Sure it’s early, but even in Italy, in one of the worst places in the world for the virus right now, that information should be very illuminating to us I think.
> Why not target the cities entering acceleration only?
Because the long incubation period and the lack of sufficient testing makes it impossible to know which cities are infected early on.
And, to put more bluntly, because we have two models to look at and choose from: the Chinese one, with harsh containment measures that were very effective (if you believe their numbers) and the Italian one, with moderate containment measures and a lack of sense of urgency from the populace, which resulted in a downward spiral with more deaths than China despite having only ~58% the number of cases.

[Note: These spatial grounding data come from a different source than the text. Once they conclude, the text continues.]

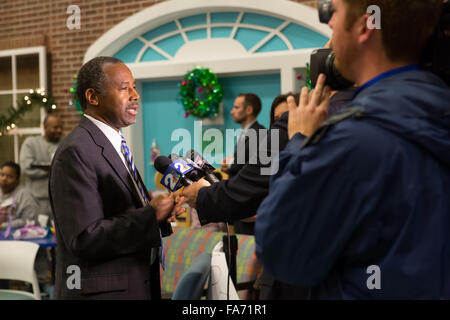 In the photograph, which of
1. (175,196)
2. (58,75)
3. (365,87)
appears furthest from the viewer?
(58,75)

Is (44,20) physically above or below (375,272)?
above

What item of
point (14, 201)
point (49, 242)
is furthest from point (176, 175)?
point (14, 201)

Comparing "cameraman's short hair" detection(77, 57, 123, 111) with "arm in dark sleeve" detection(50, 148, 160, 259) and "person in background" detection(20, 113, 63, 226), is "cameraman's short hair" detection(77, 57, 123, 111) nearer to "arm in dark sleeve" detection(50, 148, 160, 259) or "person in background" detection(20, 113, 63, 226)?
"arm in dark sleeve" detection(50, 148, 160, 259)

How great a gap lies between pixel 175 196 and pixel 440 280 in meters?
0.94

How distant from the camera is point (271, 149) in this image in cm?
153

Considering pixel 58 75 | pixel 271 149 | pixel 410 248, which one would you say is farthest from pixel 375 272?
pixel 58 75

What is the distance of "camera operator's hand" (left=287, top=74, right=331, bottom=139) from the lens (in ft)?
3.51

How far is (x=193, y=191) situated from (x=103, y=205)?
0.30 metres

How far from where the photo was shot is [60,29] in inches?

> I should have said, ”In some areas”.
And no, you shouldn't have said that, you should just wait another week.
That's quite the overreaction.
Italy found that among fatalities the median age is over 80 (older than the average lifespan of an Italian man).
99% of fatalities were among people with a prior illness. About 50% of the deaths were people suffering from at least three other illnesses.
https://www.bloomberg.com/news/articles/2020-03-18/99-of-tho...
To put it another way: most of the folks dying from COVID-19 were already dying. This disease is the straw that broke the camel's back.
Should we just give up on them? No! But instead of quarantining everyone, and sending us back to the stone age, we should work to quarantine these folks while the rest of us return to normalcy and build up our antibodies and herd immunity.